• [Work to complete] Once the line containing "Luxury Party Club" appears, output it and each remaining line of the records below exactly, with no pictures and nothing more.

• [Data in this exercise]
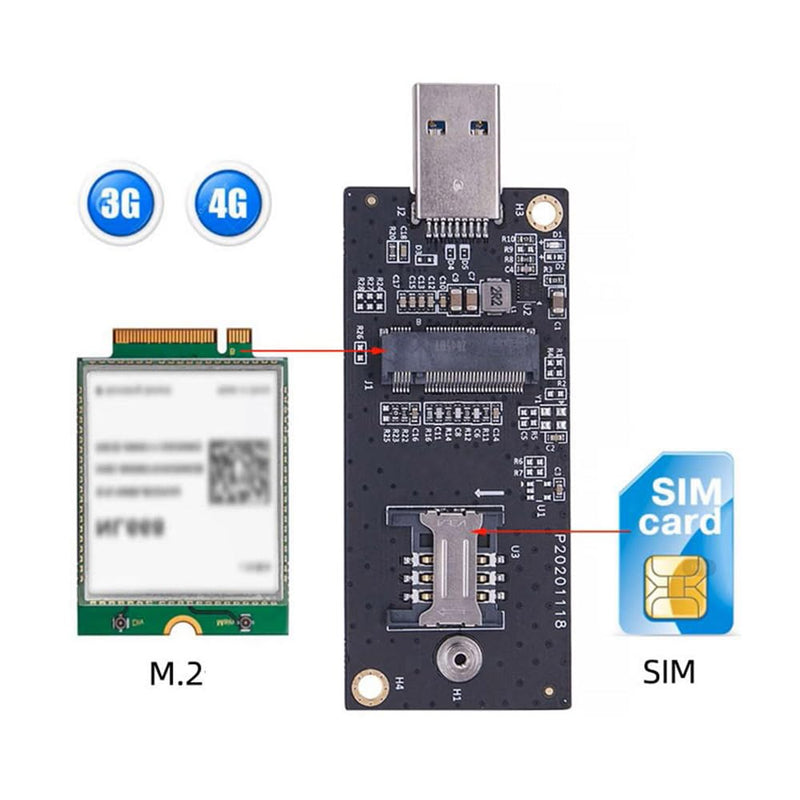 NFHK NGFF M.2 Key-B WWAN to USB 3.0 Adapter Riser Card w SIM Slot for 3G/4G/5G LTE Wireless Module Modem Card B-Key LTE to USB3.0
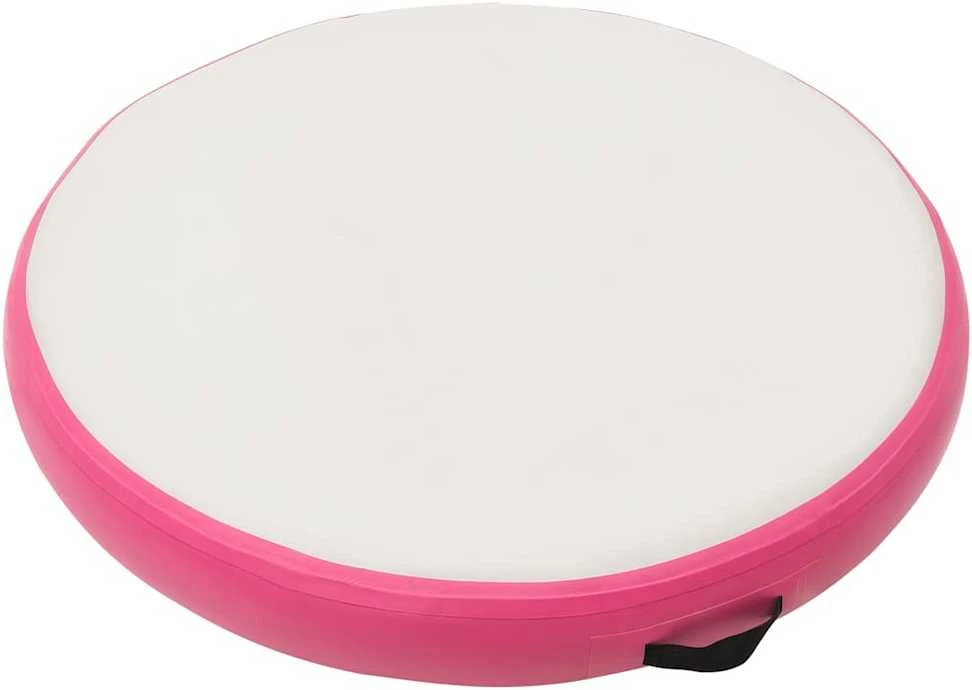 Gimnastikos kilimėlis su pompa, rožinis, 100x100x10cm, PVC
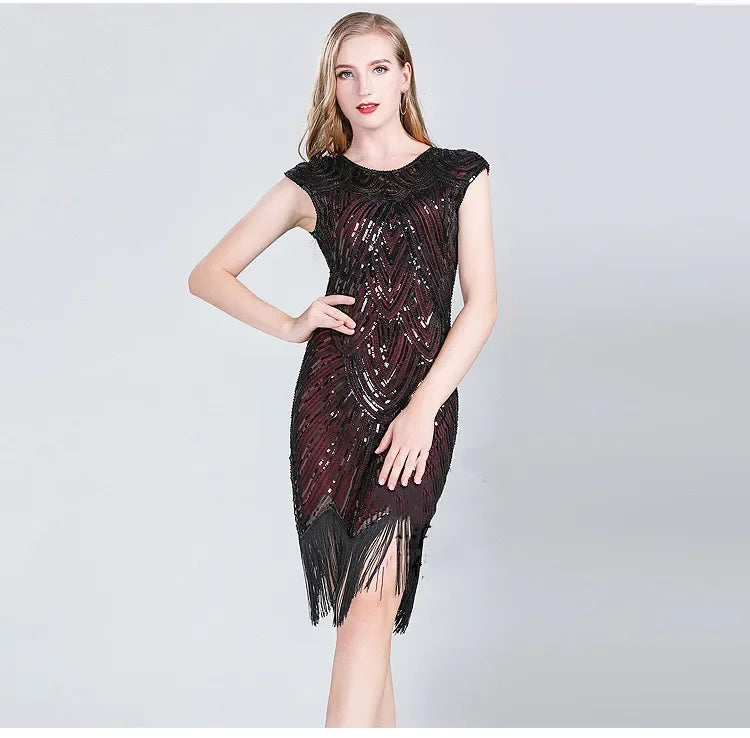 Luxury Party Club Streetwear Stage Show Vintage Elegant Dress Sequins Dress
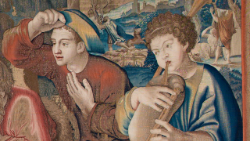 Manifattura Fiamminga, Bruxelles, bottega di Pieter van Aelst (m. Bruxelles 1532); cartone della scuola di Raffaello Sanzio, Adorazione dei Pastori, particolare © Musei Vaticani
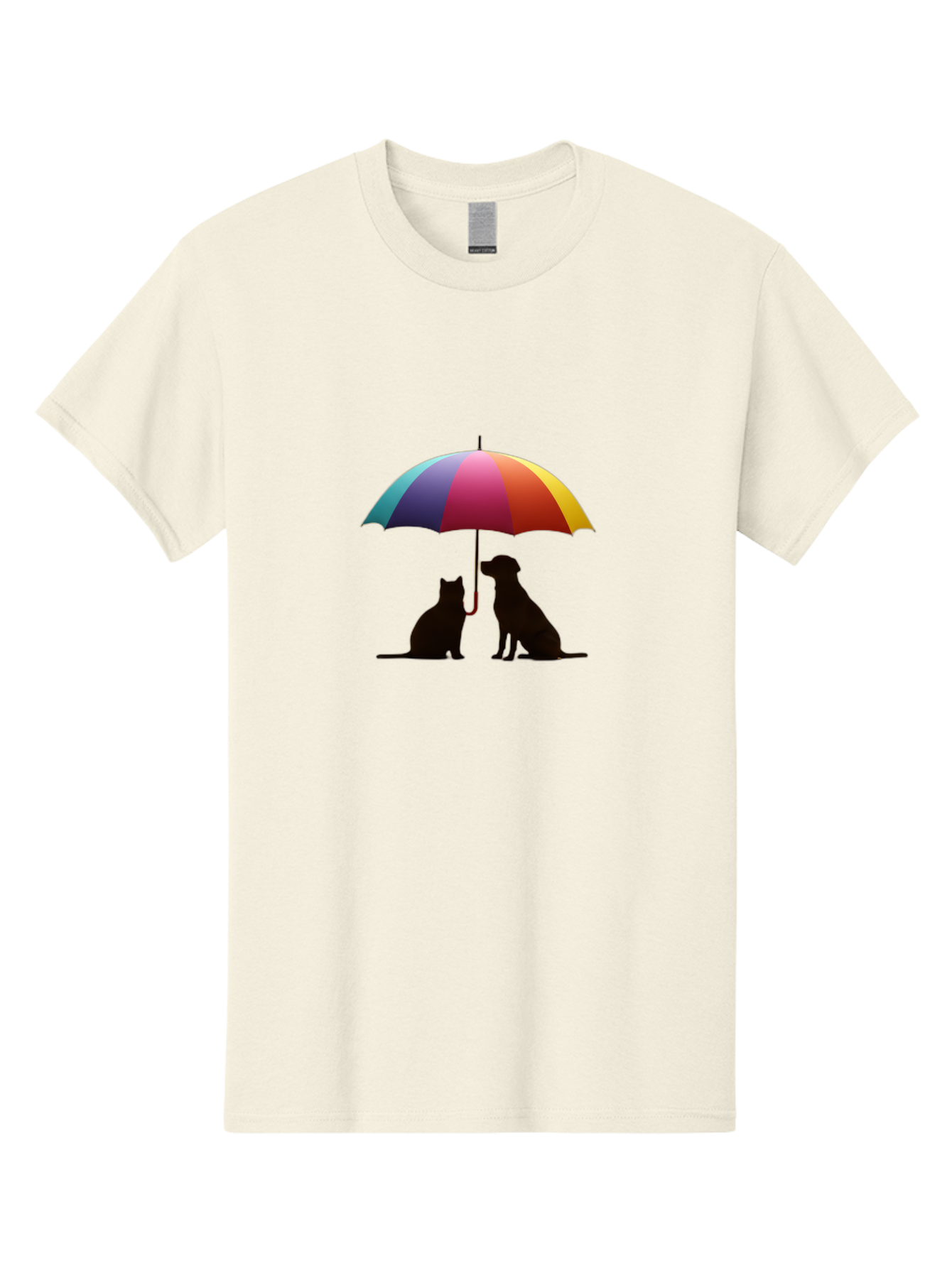 Cat-And-Dog-Under-Umbrella-1 Men'S Graphic Tee, 100% Cotton, Comfortable Casual Summer Wear, Machine Washable, Vintage Camera, Old Camera, Antique Camera, Black Camera, Classic Photography, Photography Equipment, Nostalgic Device, Film Camera, Baf715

• [Your response]
 Luxury Party Club Streetwear Stage Show Vintage Elegant Dress Sequins Dress
 Manifattura Fiamminga, Bruxelles, bottega di Pieter van Aelst (m. Bruxelles 1532); cartone della scuola di Raffaello Sanzio, Adorazione dei Pastori, particolare © Musei Vaticani
 Cat-And-Dog-Under-Umbrella-1 Men'S Graphic Tee, 100% Cotton, Comfortable Casual Summer Wear, Machine Washable, Vintage Camera, Old Camera, Antique Camera, Black Camera, Classic Photography, Photography Equipment, Nostalgic Device, Film Camera, Baf715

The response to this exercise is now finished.